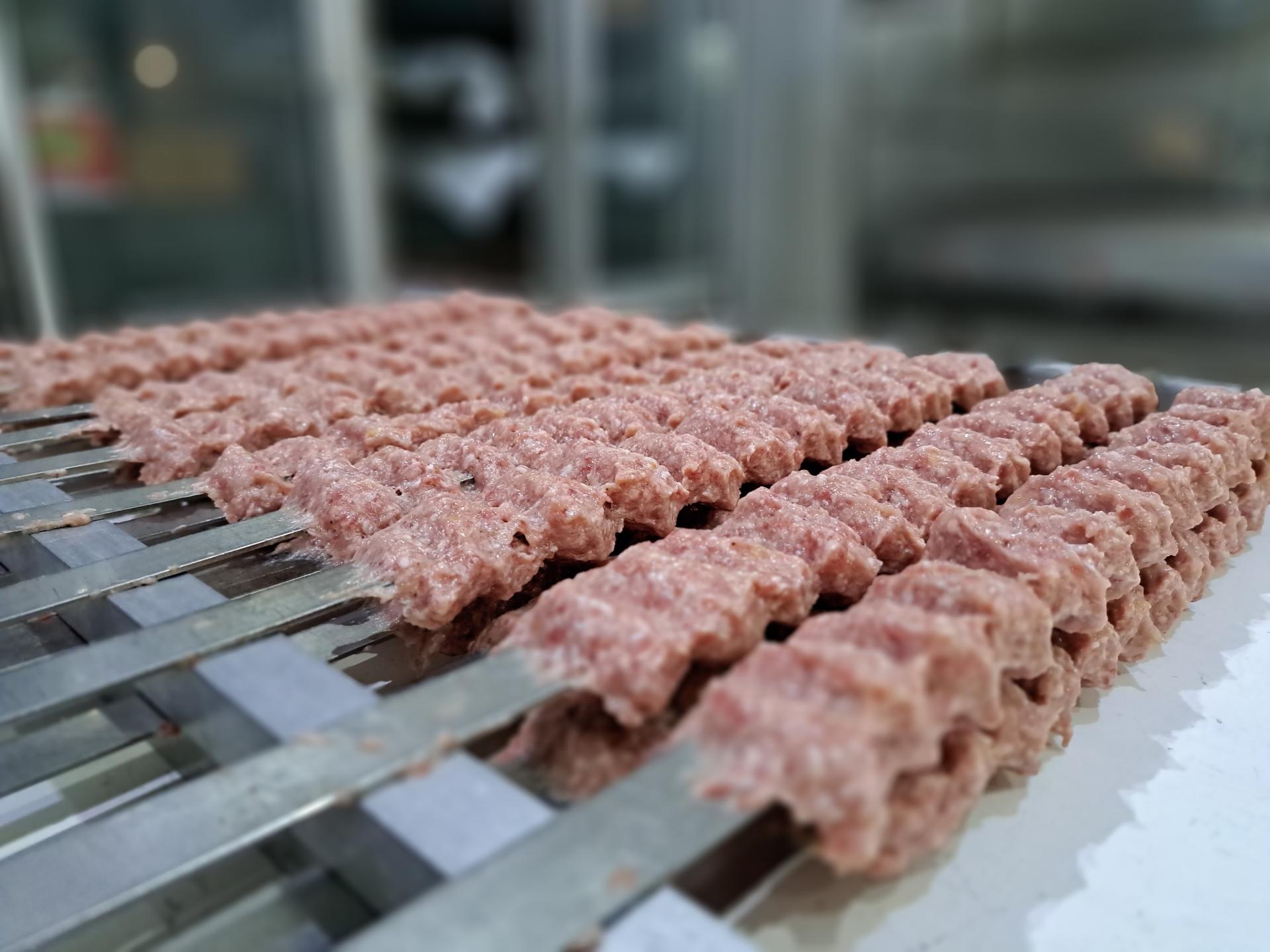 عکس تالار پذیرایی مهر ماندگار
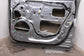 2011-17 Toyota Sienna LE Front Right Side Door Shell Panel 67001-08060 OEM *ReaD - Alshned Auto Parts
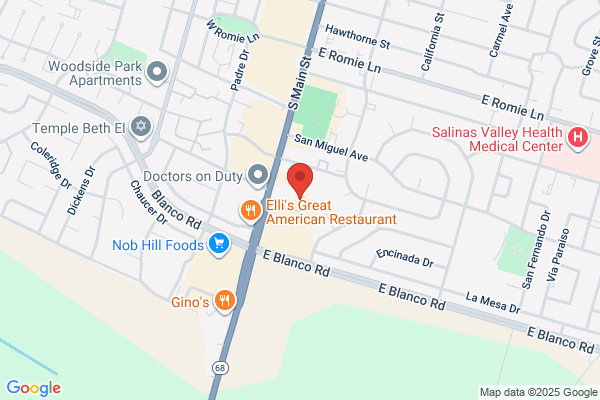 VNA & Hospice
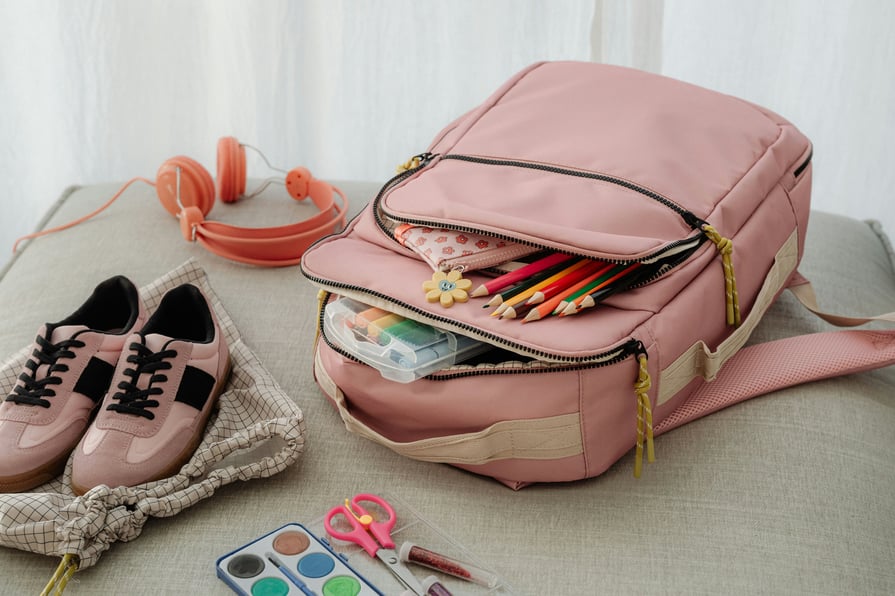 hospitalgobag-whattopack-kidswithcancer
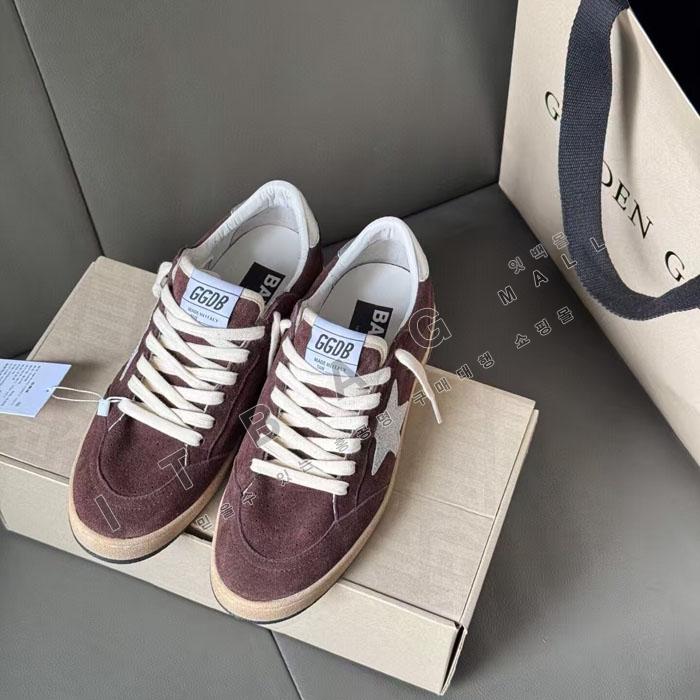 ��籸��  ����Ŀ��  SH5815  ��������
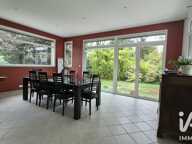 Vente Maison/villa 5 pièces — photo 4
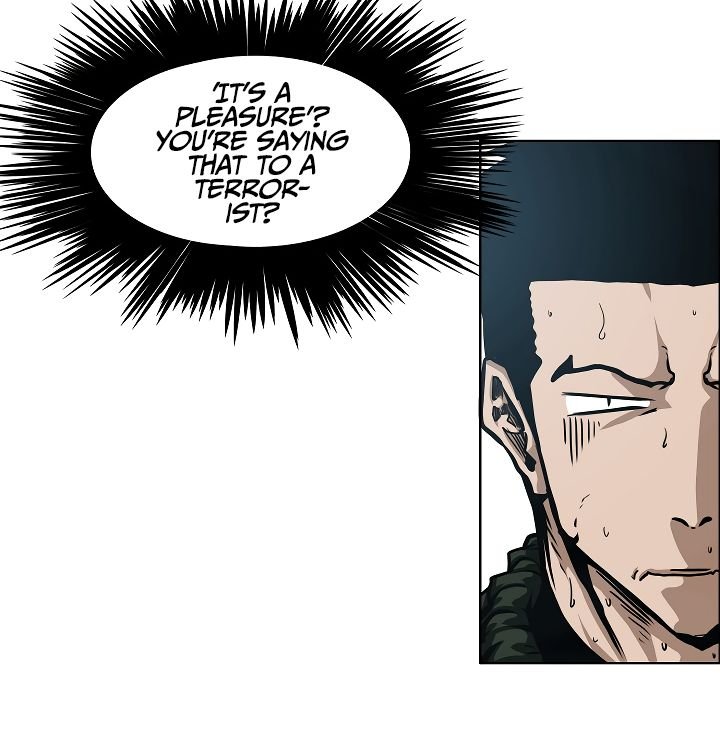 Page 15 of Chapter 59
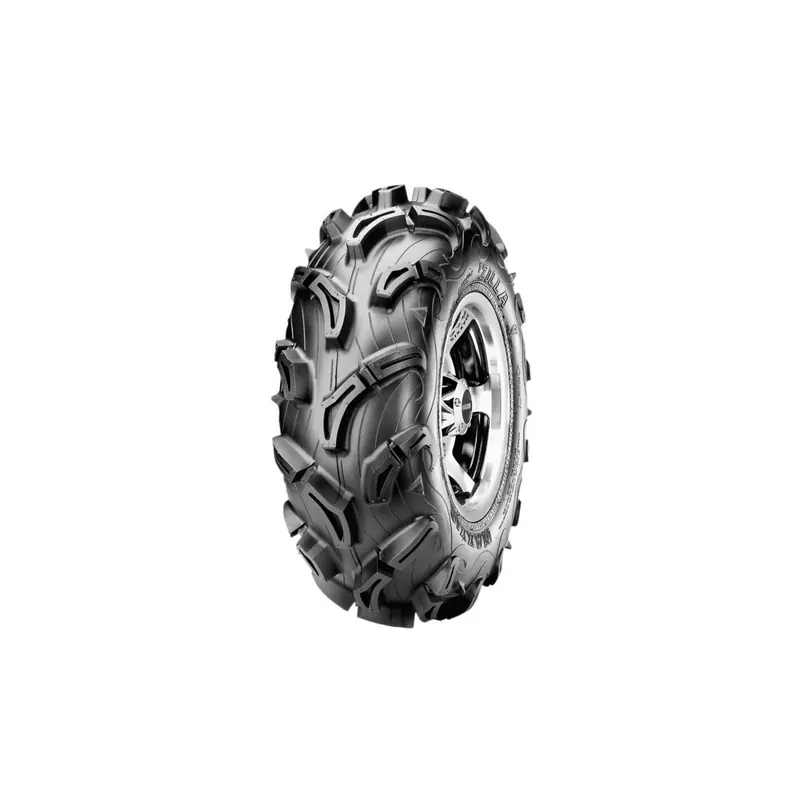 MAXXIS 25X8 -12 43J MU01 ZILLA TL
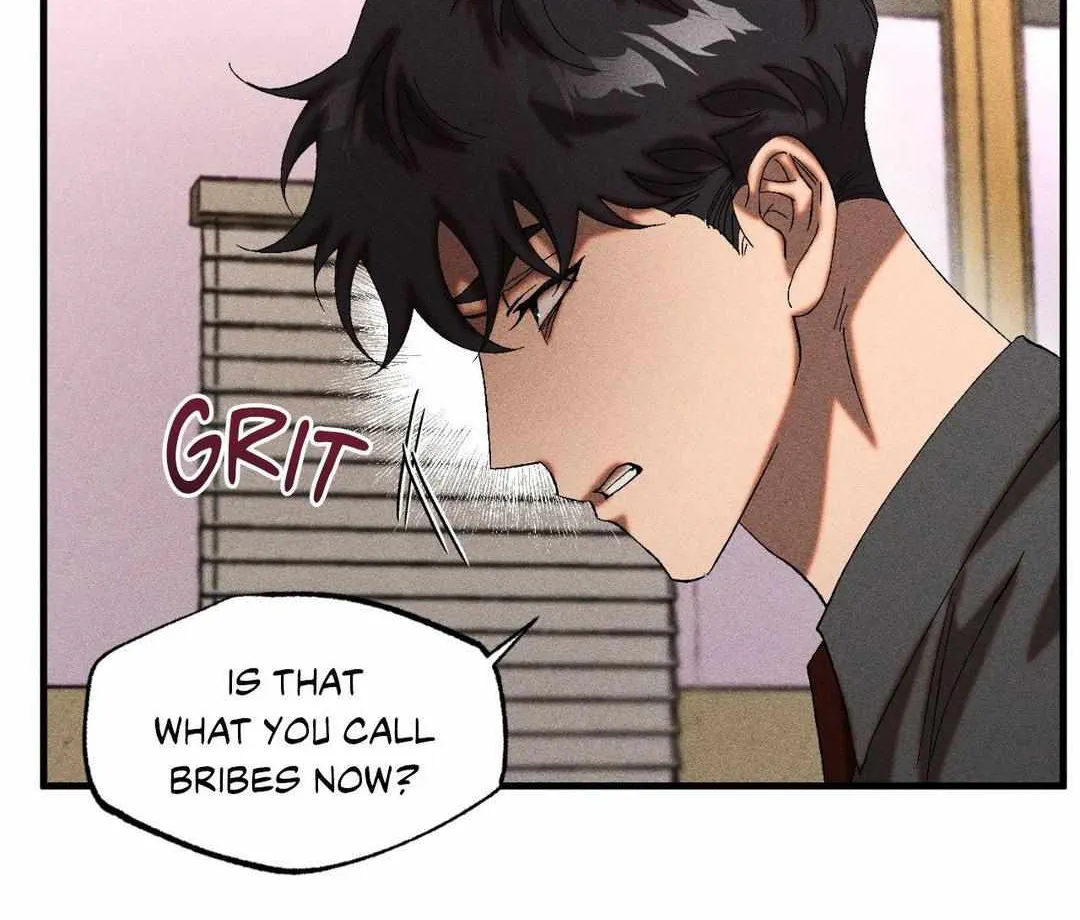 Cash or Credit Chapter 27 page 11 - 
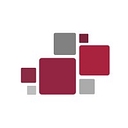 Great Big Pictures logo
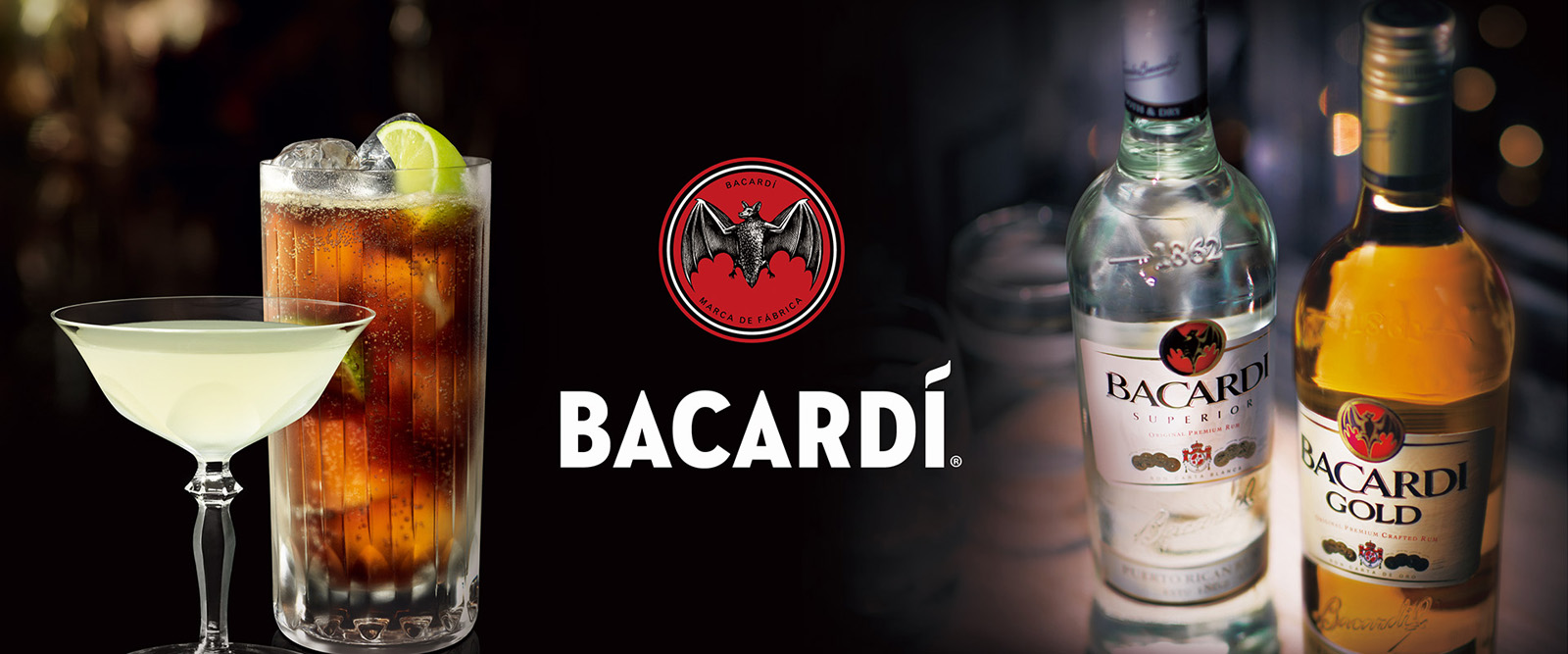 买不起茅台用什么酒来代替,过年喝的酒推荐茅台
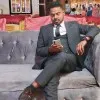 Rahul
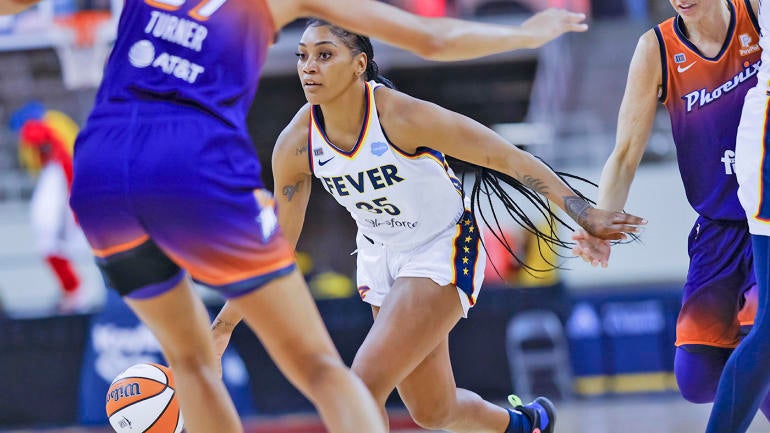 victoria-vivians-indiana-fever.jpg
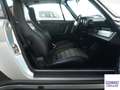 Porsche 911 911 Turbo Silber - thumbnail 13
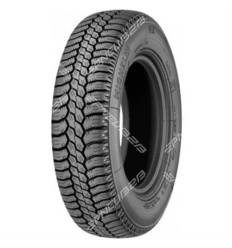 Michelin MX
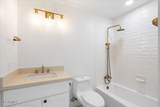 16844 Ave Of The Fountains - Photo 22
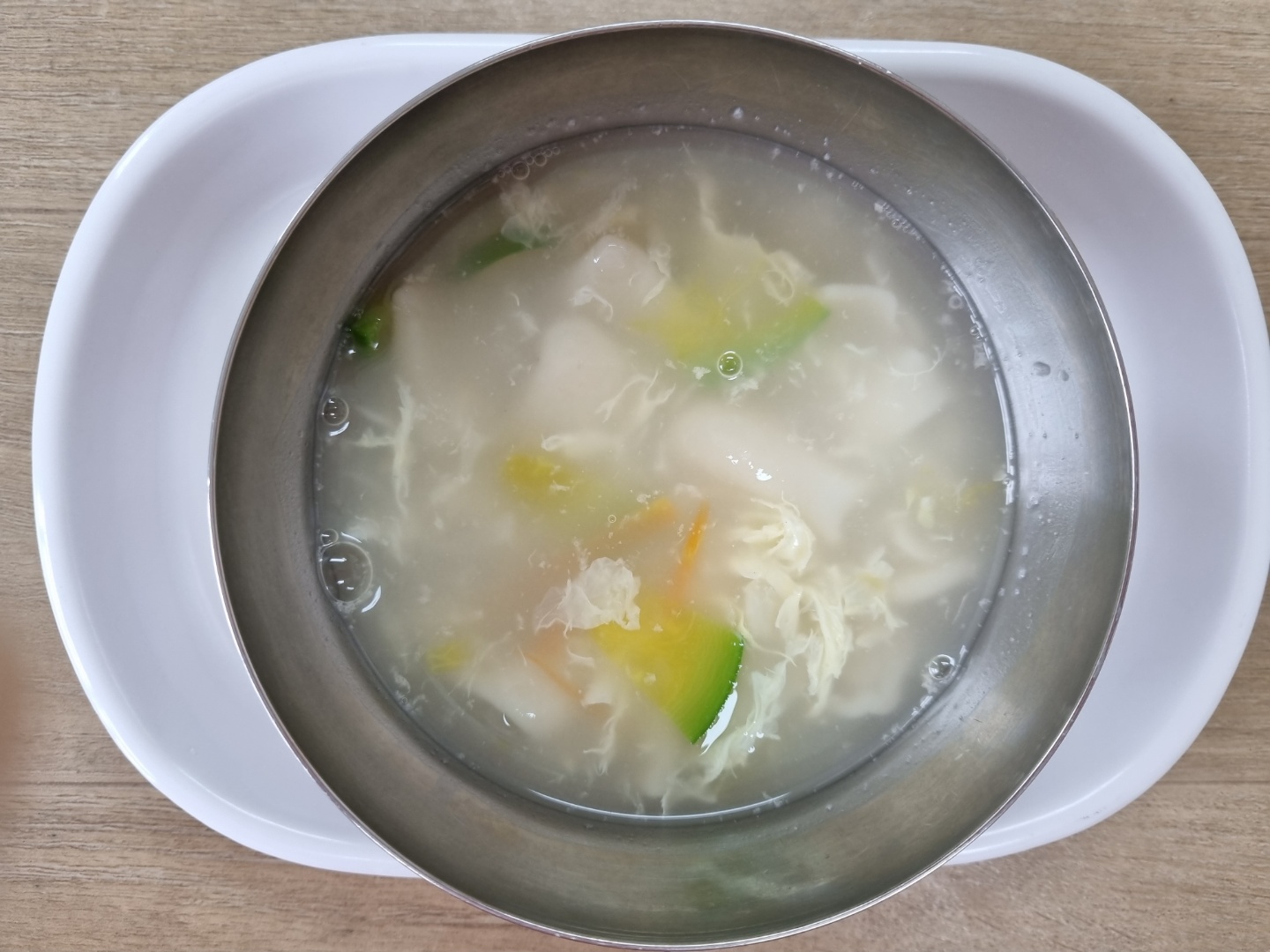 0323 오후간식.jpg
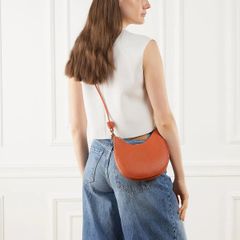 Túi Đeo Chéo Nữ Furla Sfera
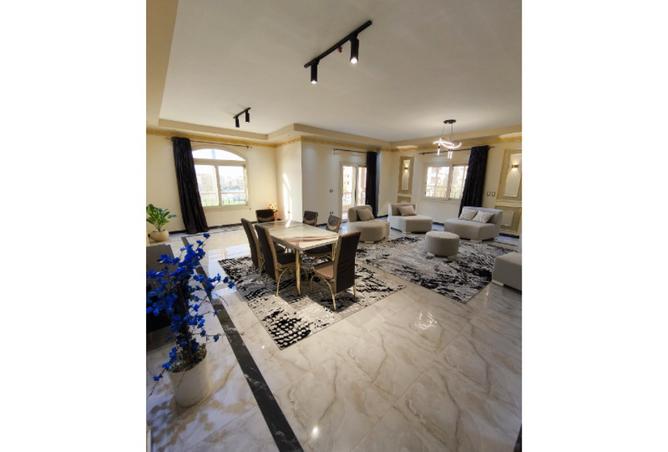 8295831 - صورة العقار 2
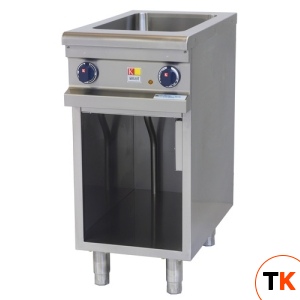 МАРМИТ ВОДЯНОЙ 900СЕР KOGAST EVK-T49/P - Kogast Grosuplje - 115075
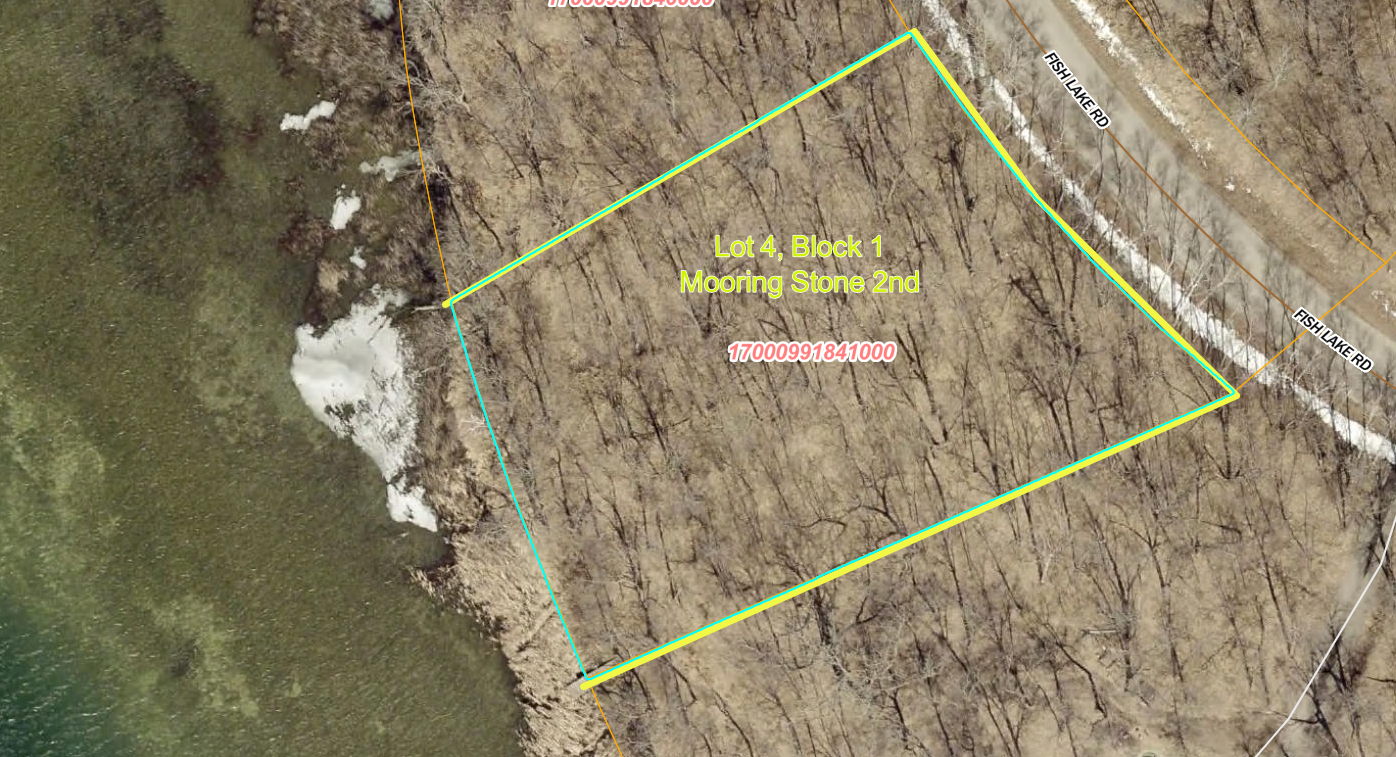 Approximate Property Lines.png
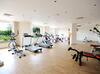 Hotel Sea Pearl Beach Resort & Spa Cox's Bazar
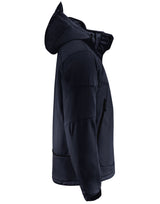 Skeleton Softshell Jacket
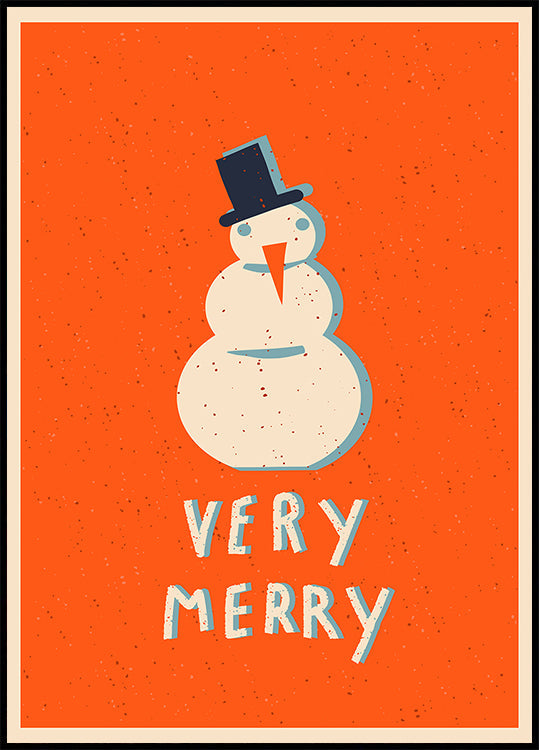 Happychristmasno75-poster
------------------------
EXERCISE BRIEF: Please transcribe exactly the lines from the one containing "Page 15 of Chapter 59" through the final line of the data, including both, and nothing else. Pictures are to be left out.

SOLUTION BELOW:
 Page 15 of Chapter 59
 MAXXIS 25X8 -12 43J MU01 ZILLA TL
 Cash or Credit Chapter 27 page 11 - 
 Great Big Pictures logo
 买不起茅台用什么酒来代替,过年喝的酒推荐茅台
 Rahul
 victoria-vivians-indiana-fever.jpg
 Porsche 911 911 Turbo Silber - thumbnail 13
 Michelin MX
 16844 Ave Of The Fountains - Photo 22
 0323 오후간식.jpg
 Túi Đeo Chéo Nữ Furla Sfera
 8295831 - صورة العقار 2
 МАРМИТ ВОДЯНОЙ 900СЕР KOGAST EVK-T49/P - Kogast Grosuplje - 115075
 Approximate Property Lines.png
 Hotel Sea Pearl Beach Resort & Spa Cox's Bazar
 Skeleton Softshell Jacket
 Happychristmasno75-poster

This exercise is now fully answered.